### Task to complete
Taking the entries below, transcribe only the lines starting with the one with "dei Lentuli, Rome" and going on through the one with "Ottawa River e", exactly as written, without the pictures.

### Records for this exercise
────

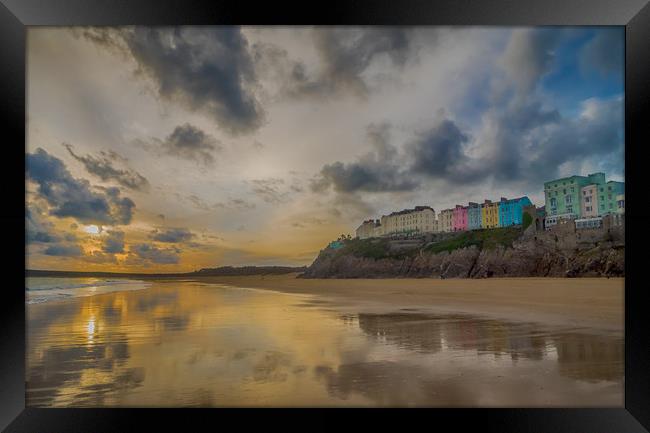 The South Beach, Tenby, Pembrokeshire. Framed Print by Colin Allen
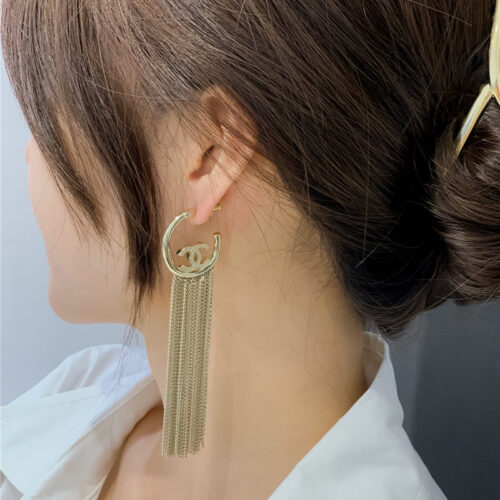 High Quality Luxury Chanel L Tassel Double C Earrings product detail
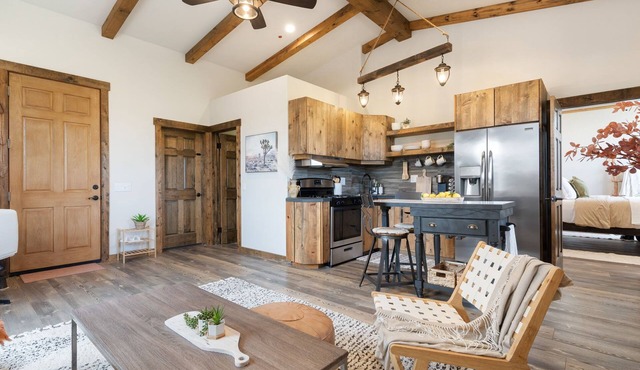 Private Casita close to beaches & hiking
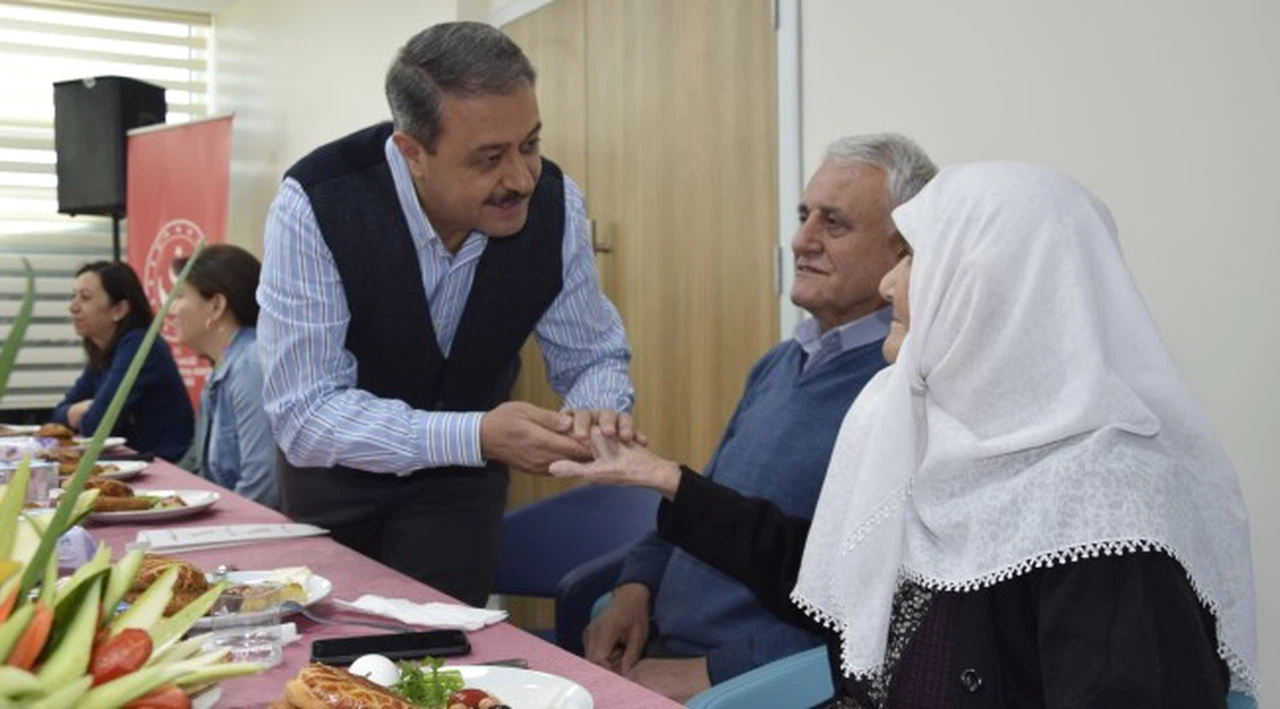 107 yaşındaki Mümine ninenin gençlik sırrı kuru fasulye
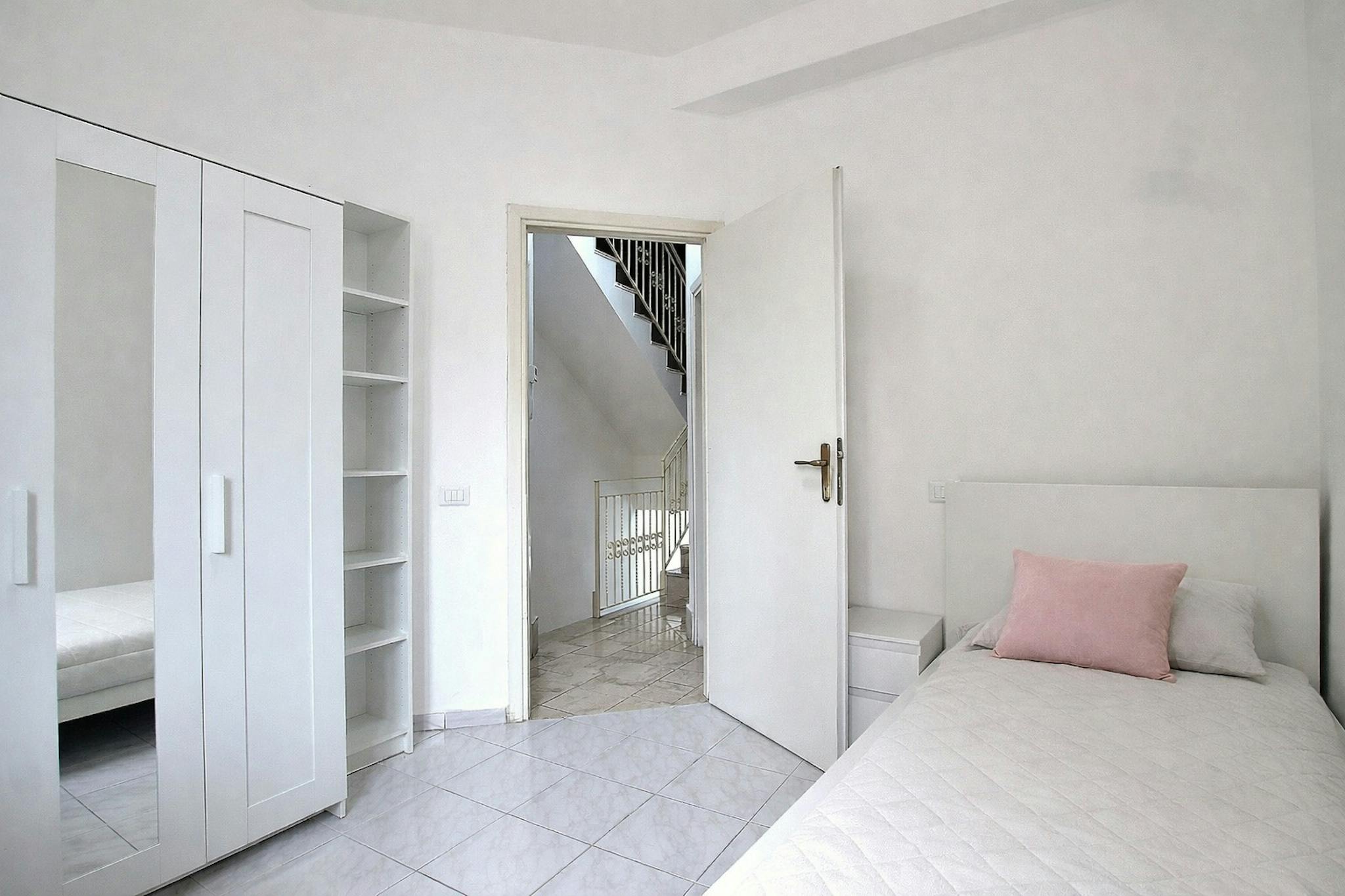  Private Room  -  Via dei Lentuli, Rome  - Gallery -  1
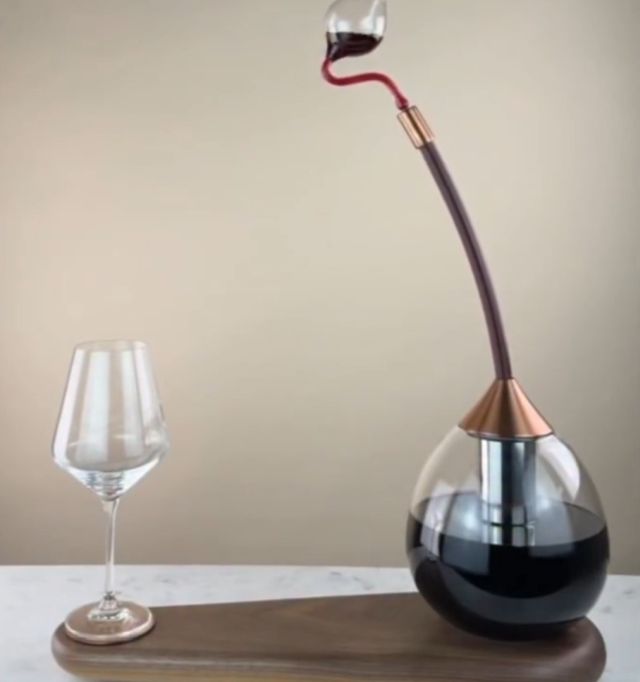 Графин, который сам наливает вино в бокал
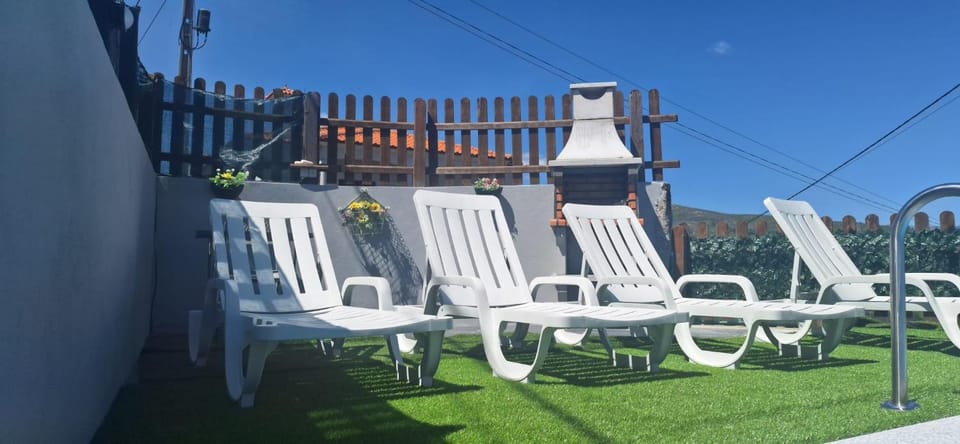 Superb Bruzende Village House in Porto District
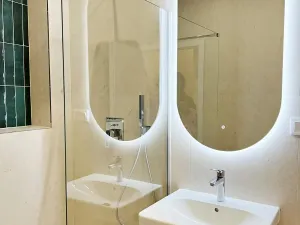 Pronájem bytu 2+kk, Praha - Vinohrady, Lucemburská, 45 m2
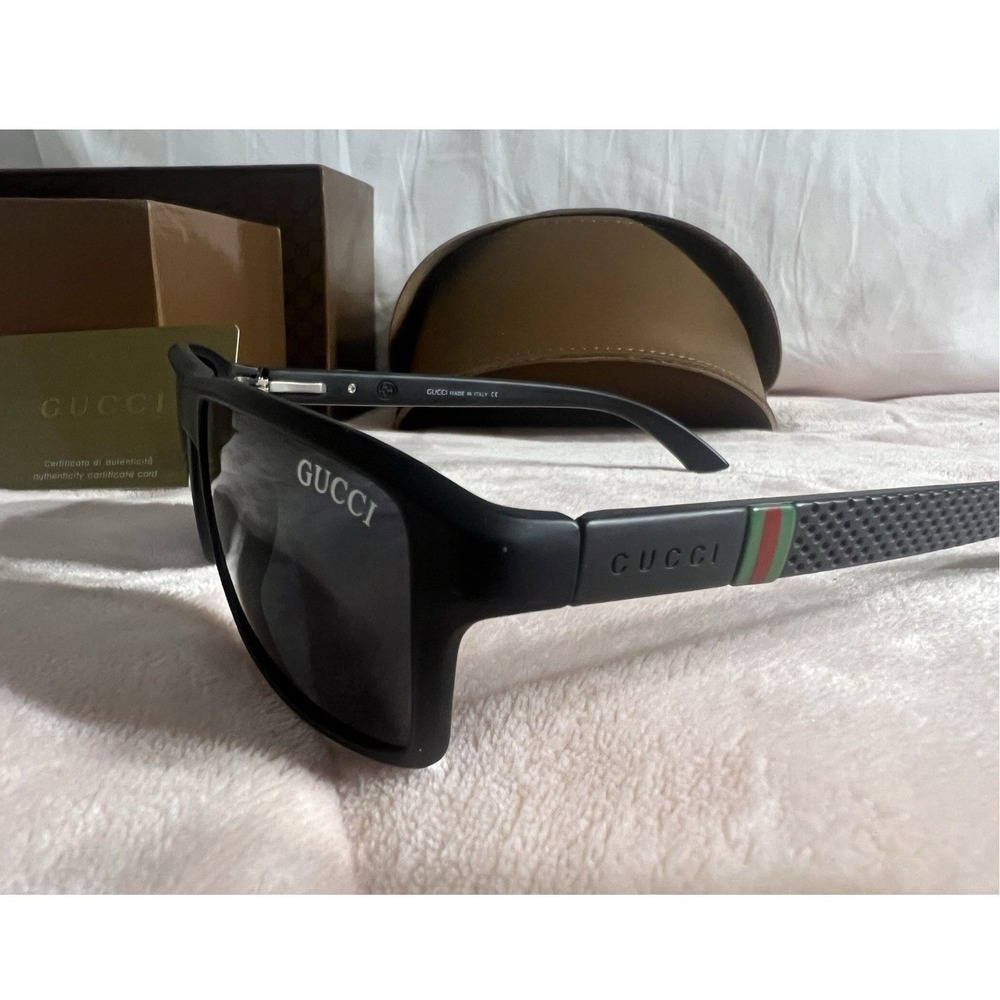 Authentic New Gucci GG7105 57 17-136 MM Black Green Red Stripe Grey Sunglasses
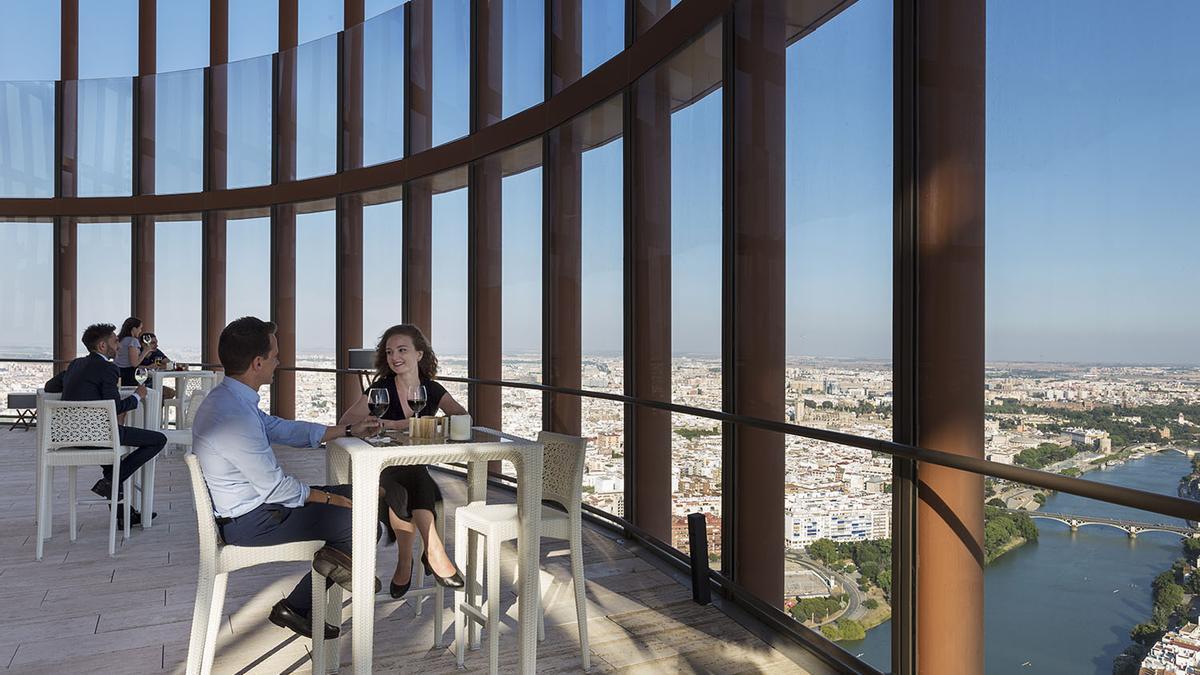 Fotografía panorámica del restaurante en el mirador Atalaya en la Torre Sevilla.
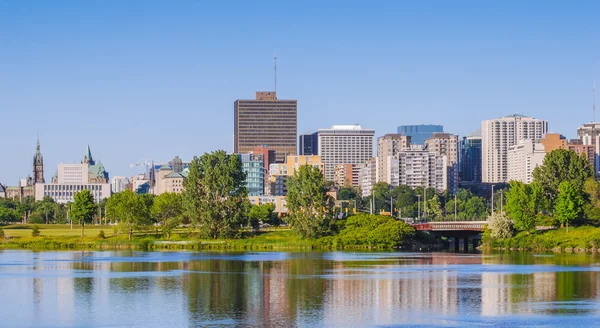 Ottawa River e Capitol city skyline lungo il parco - tardo pomeriggio primaverile - si avvicina la sera presto . — Foto Stock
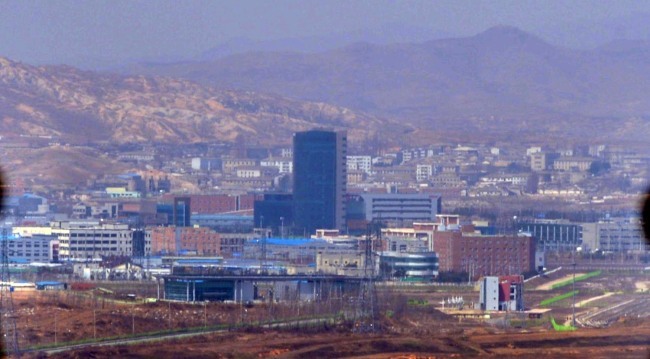Gaeseong Industrial complex seen from a South Korean observation point in Paju, Gyeonggi Province. (Kim Myung-sub/The Korea Herald)
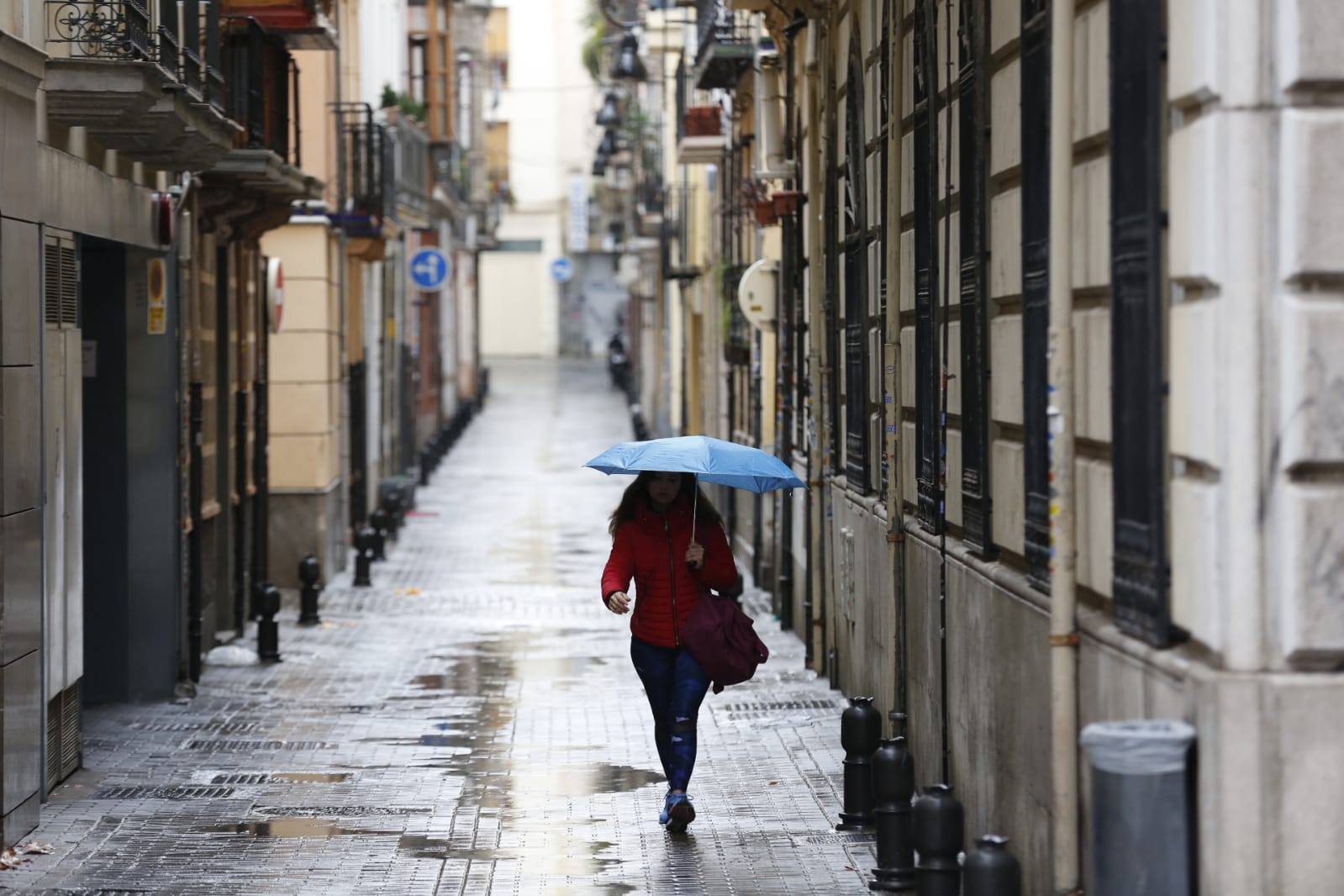 Regresan los paraguas a las calles de la capital en una imagen que no se vía desde el pasado 13 de diciembre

────

### Task result
  Private Room  -  Via dei Lentuli, Rome  - Gallery -  1
 Графин, который сам наливает вино в бокал
 Superb Bruzende Village House in Porto District
 Pronájem bytu 2+kk, Praha - Vinohrady, Lucemburská, 45 m2
 Authentic New Gucci GG7105 57 17-136 MM Black Green Red Stripe Grey Sunglasses
 Fotografía panorámica del restaurante en el mirador Atalaya en la Torre Sevilla.
 Ottawa River e Capitol city skyline lungo il parco - tardo pomeriggio primaverile - si avvicina la sera presto . — Foto Stock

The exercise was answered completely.